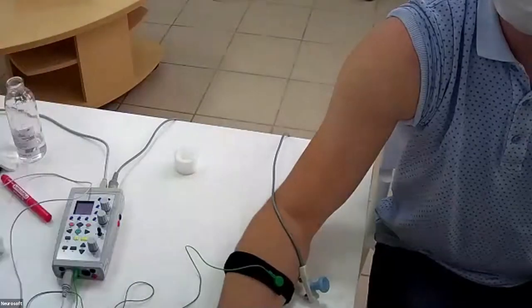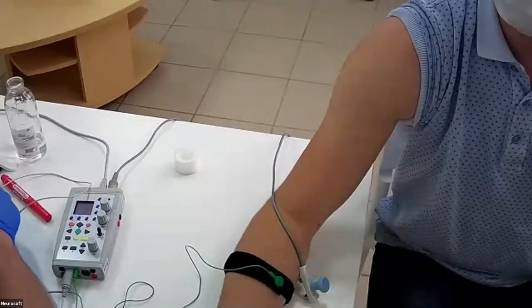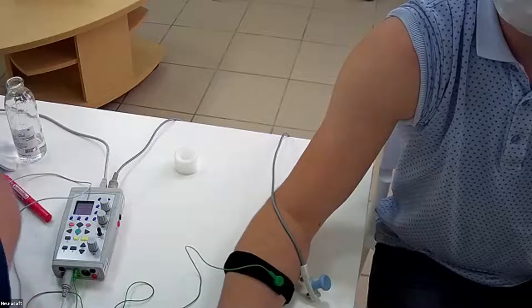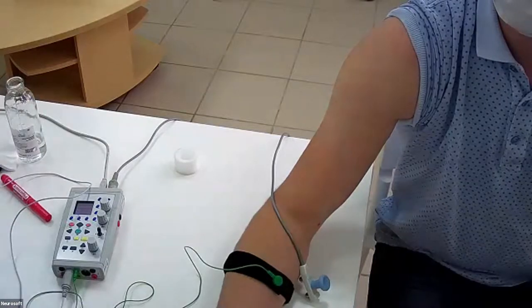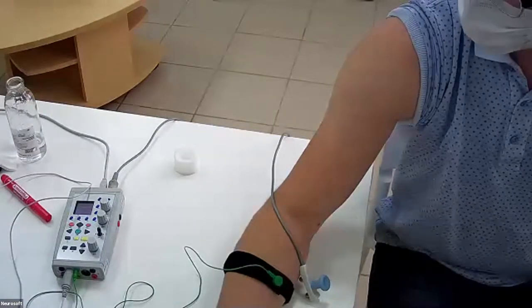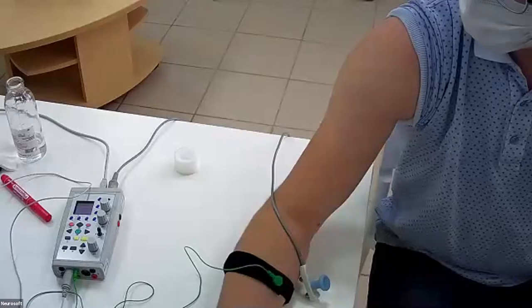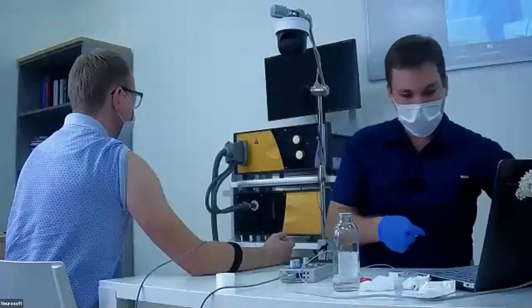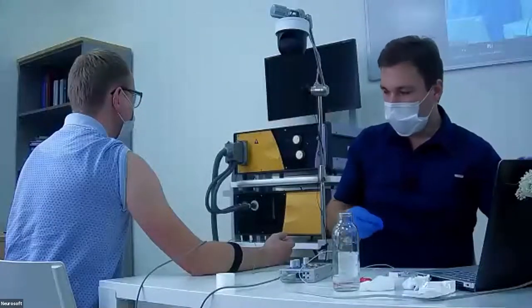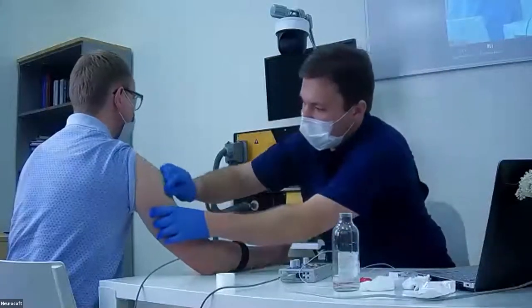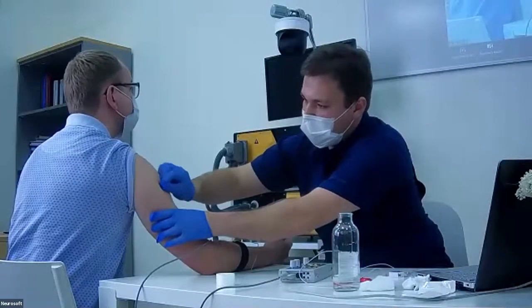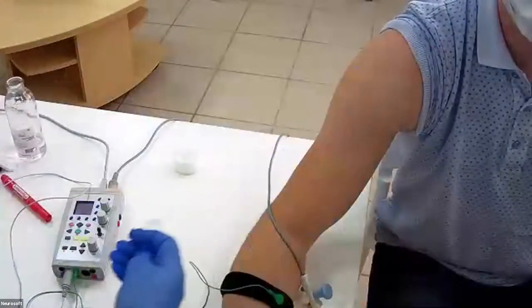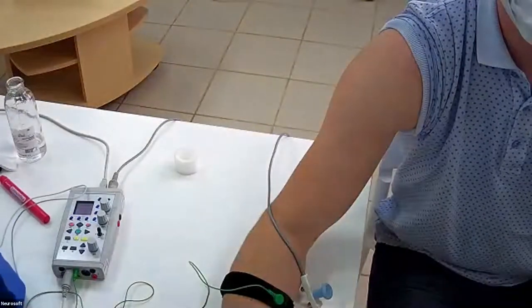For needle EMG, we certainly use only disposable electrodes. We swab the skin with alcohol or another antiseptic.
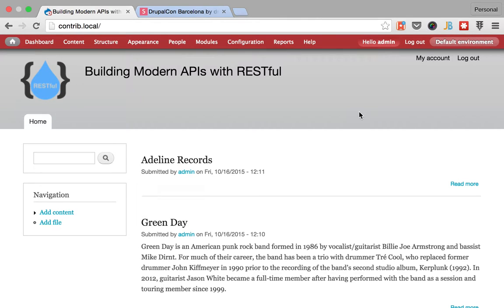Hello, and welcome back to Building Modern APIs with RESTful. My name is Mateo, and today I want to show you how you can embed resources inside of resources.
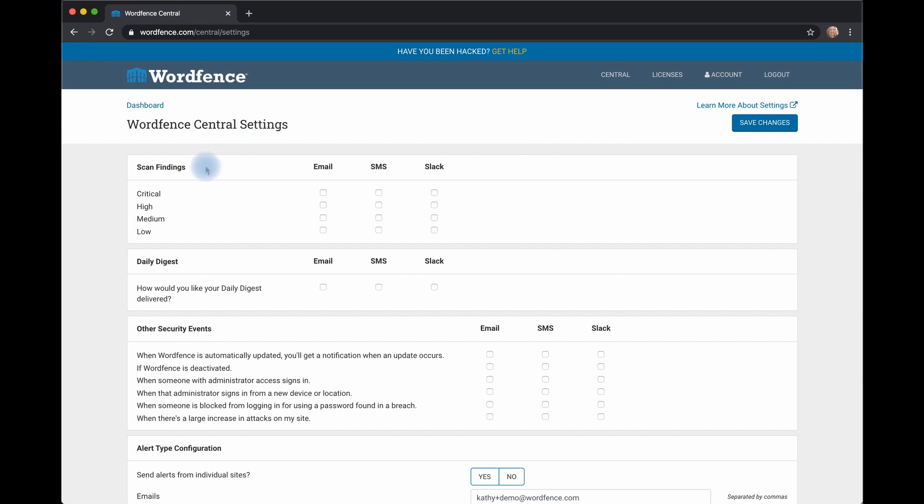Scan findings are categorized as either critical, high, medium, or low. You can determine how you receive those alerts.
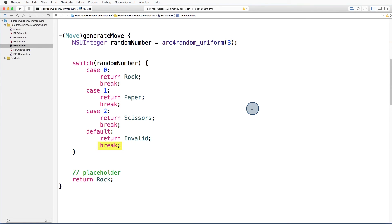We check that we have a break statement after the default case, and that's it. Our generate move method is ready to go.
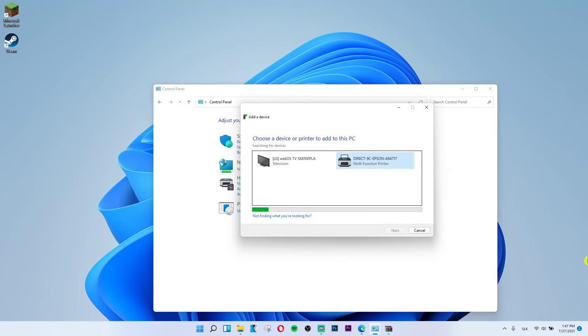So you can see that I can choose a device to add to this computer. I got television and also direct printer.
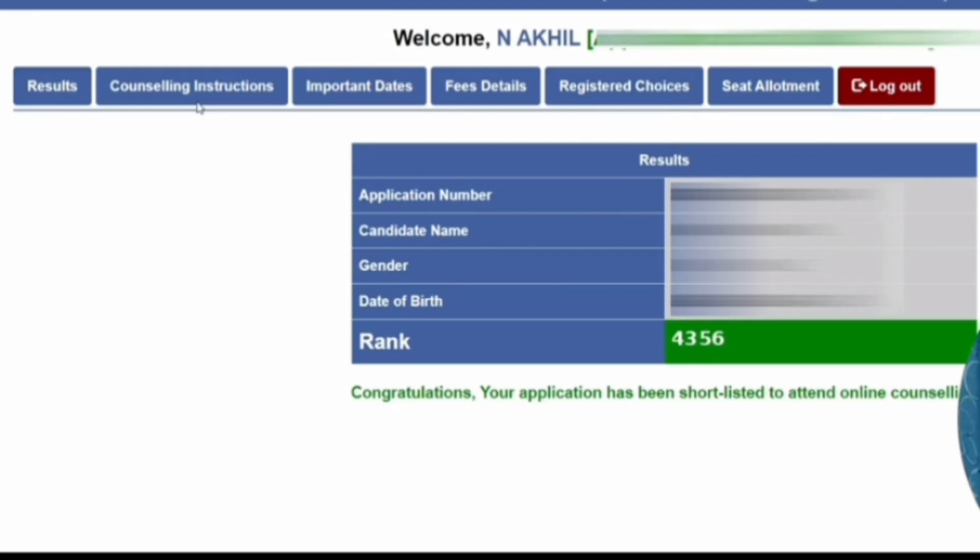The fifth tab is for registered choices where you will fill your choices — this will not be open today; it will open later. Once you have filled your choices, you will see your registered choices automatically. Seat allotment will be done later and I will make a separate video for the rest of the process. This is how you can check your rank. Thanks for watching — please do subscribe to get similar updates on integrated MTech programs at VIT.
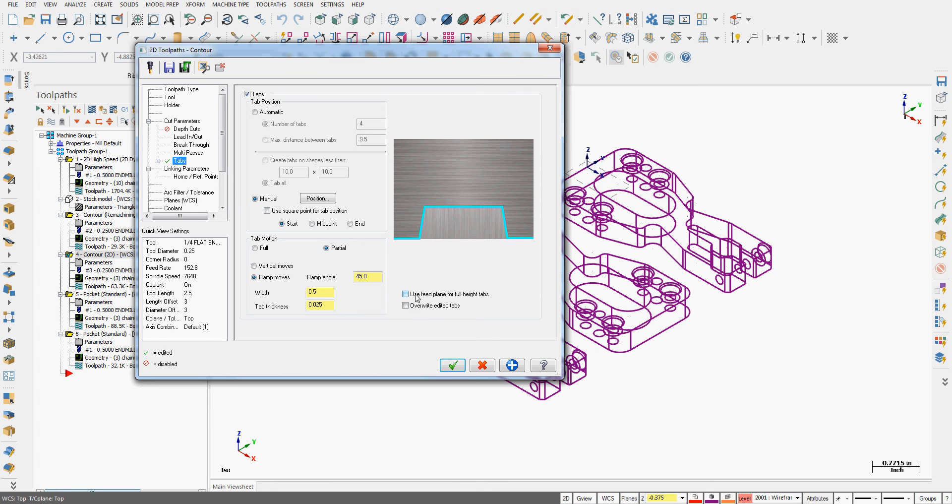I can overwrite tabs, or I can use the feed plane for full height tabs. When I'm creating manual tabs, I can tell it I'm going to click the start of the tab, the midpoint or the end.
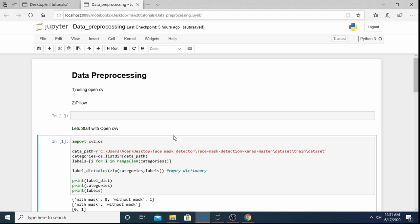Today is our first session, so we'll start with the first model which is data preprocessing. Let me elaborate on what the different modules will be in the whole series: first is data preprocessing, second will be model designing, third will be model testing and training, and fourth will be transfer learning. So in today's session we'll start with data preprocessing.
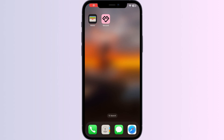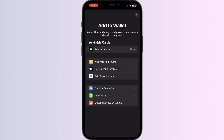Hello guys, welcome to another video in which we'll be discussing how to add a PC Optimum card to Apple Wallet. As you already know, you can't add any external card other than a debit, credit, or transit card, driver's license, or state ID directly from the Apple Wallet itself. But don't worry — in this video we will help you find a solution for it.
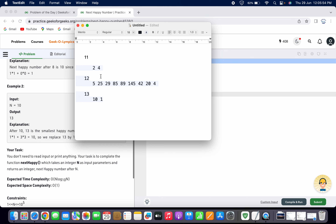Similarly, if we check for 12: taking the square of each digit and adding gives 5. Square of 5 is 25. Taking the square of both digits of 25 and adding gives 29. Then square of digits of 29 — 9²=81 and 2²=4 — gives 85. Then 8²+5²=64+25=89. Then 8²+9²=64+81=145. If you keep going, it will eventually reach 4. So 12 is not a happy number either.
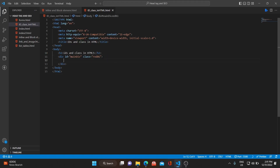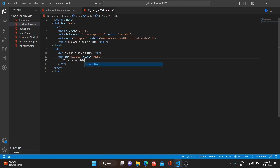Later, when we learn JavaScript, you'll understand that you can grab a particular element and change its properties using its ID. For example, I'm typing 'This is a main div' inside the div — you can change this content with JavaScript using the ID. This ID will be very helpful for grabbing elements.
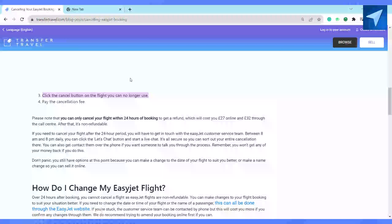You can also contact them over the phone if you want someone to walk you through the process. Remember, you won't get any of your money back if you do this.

Work required: A faithful copy of all the entries is required, pictures excluded.

Answer to this problem:
For needle EMG, we certainly use only disposable electrodes. We swab the skin with alcohol or another antiseptic.
Hello, and welcome back to Building Modern APIs with RESTful. My name is Mateo, and today I want to show you how you can embed resources inside of resources.
Scan findings are categorized as either critical, high, medium, or low. You can determine how you receive those alerts.
We check that we have a break statement after the default case, and that's it. Our generate move method is ready to go.
So you can see that I can choose a device to add to this computer. I got television and also direct printer.
The fifth tab is for registered choices where you will fill your choices — this will not be open today; it will open later. Once you have filled your choices, you will see your registered choices automatically. Seat allotment will be done later and I will make a separate video for the rest of the process. This is how you can check your rank. Thanks for watching — please do subscribe to get similar updates on integrated MTech programs at VIT.
I can overwrite tabs, or I can use the feed plane for full height tabs. When I'm creating manual tabs, I can tell it I'm going to click the start of the tab, the midpoint or the end.
Today is our first session, so we'll start with the first model which is data preprocessing. Let me elaborate on what the different modules will be in the whole series: first is data preprocessing, second will be model designing, third will be model testing and training, and fourth will be transfer learning. So in today's session we'll start with data preprocessing.
Hello guys, welcome to another video in which we'll be discussing how to add a PC Optimum card to Apple Wallet. As you already know, you can't add any external card other than a debit, credit, or transit card, driver's license, or state ID directly from the Apple Wallet itself. But don't worry — in this video we will help you find a solution for it.
Similarly, if we check for 12: taking the square of each digit and adding gives 5. Square of 5 is 25. Taking the square of both digits of 25 and adding gives 29. Then square of digits of 29 — 9²=81 and 2²=4 — gives 85. Then 8²+5²=64+25=89. Then 8²+9²=64+81=145. If you keep going, it will eventually reach 4. So 12 is not a happy number either.
Later, when we learn JavaScript, you'll understand that you can grab a particular element and change its properties using its ID. For example, I'm typing 'This is a main div' inside the div — you can change this content with JavaScript using the ID. This ID will be very helpful for grabbing elements.
You can also contact them over the phone if you want someone to walk you through the process. Remember, you won't get any of your money back if you do this.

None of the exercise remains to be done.